What next? Resist the urge to go head-to-head to this person. That type of passive-aggressive approach will only breed tension, and likely only make you look a little on the crazy side.
Instead, your best course of action is to file this person away as a resource who you can lean on when you’re feeling stuck or have specific questions. Obviously, Rebecca knows what it takes to not only get a project done–but get it done well. So, rather than resenting her for that, why not learn from her?
Do that and you’ll instantly turn the tables–a situation that previously existed to eat away at your confidence will now actually help you to continuously improve.
Your department is responsible for handling a ridiculously daunting project, and your boss is keeping his eyes peeled for one of you to spearhead the entire thing. You’re absolutely sure that you’ll be the chosen one who earns that coveted spot.
So when your boss announces that Jason will be leading the charge, you’re understandably surprised. This project is make or break–how could he possibly entrust it to Jason?

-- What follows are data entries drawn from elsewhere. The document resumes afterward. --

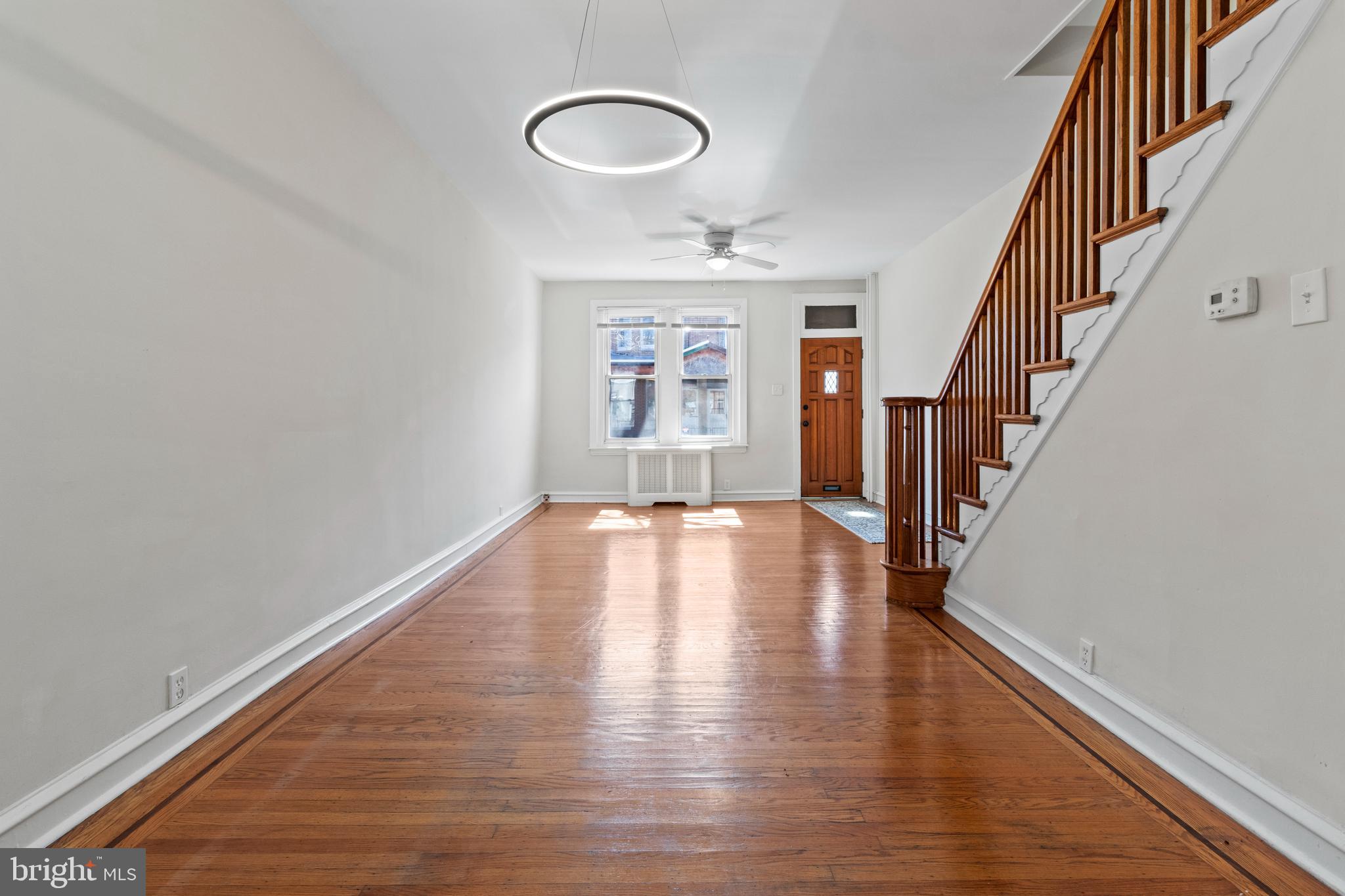 PORT RICHMOND - Residential Lease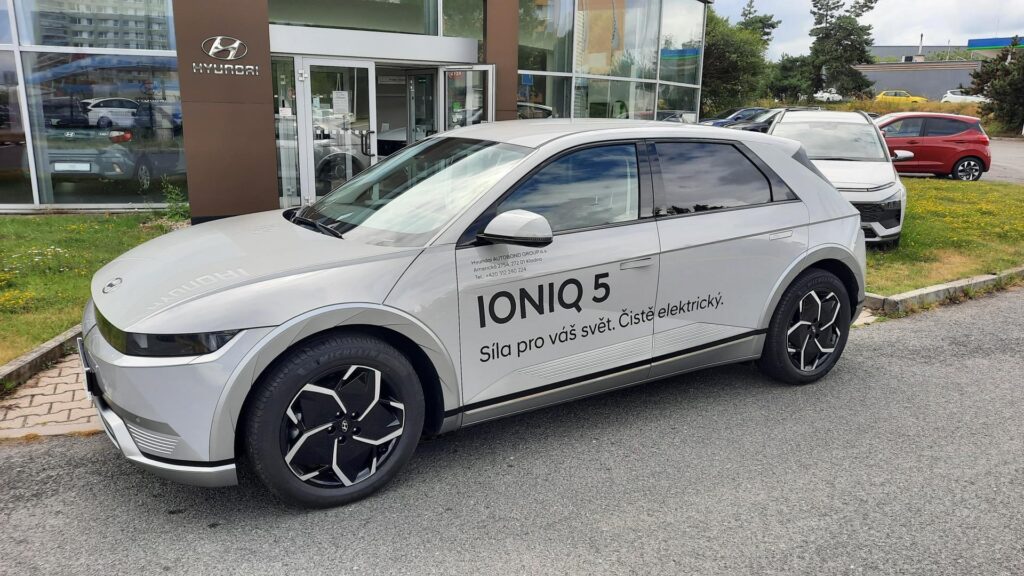 Hyundai Ioniq 5  5 POWER 77 kWh  325k Style Premium 4x4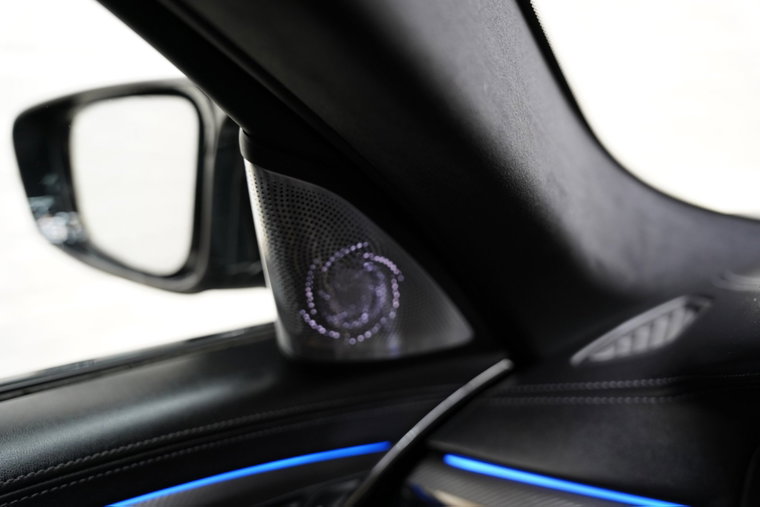 Vehicle Image 32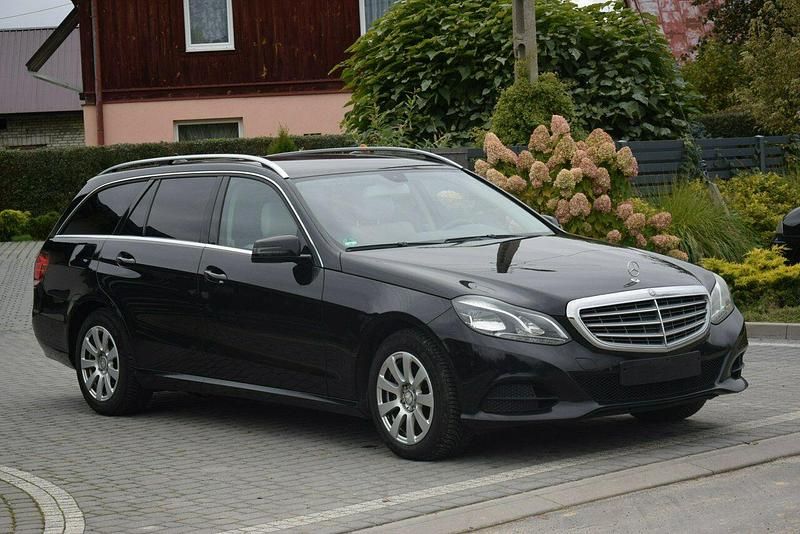 Czarny Używany 2013 Mercedes E220 Kombi | 21 900 zł - Obraz 1/4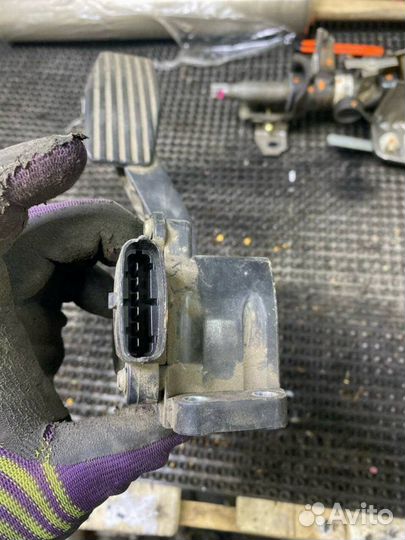 Педаль газа Лада 2115 BAZ11183 2012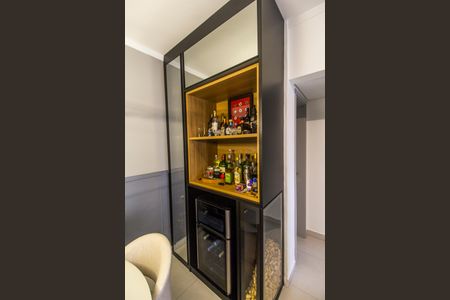 Sala de TV de apartamento à venda com 1 quarto, 52m² em Empresarial 18 do Forte, Barueri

What does he have that you don’t have?
We’ve all been there. Even if you didn’t particularly want the assignment (it means extra work, after all), you still feel as if your boss should’ve been knocking at your door just begging you to take it on.
But that’s not the way things played out, and now you’re left feeling envious of Jason–the one who apparently proved himself worthy enough of such a large responsibility.
How to use your jealousy. So you weren’t picked to head up the entire project. Yes, that’s a bit of a blow to your ego. But that doesn’t mean you can’t still be involved and prove that you’re a worthwhile member of the team.
If the task is truly that important, Jason is likely going to need (and desperately want) some extra help. So drop those feelings of resentment, step up to the plate, and offer to take on some additional work.
You’ll strengthen a relationship with your teammate, get to learn some new things, and prove to your boss and coworkers that you’re willing to go the extra mile. With all of that, you’ll likely be the one gaining some well-deserved recognition soon.
We all feel jealous sometimes–particularly in our careers. But just because it’s a natural emotion, that doesn’t necessarily make it beneficial.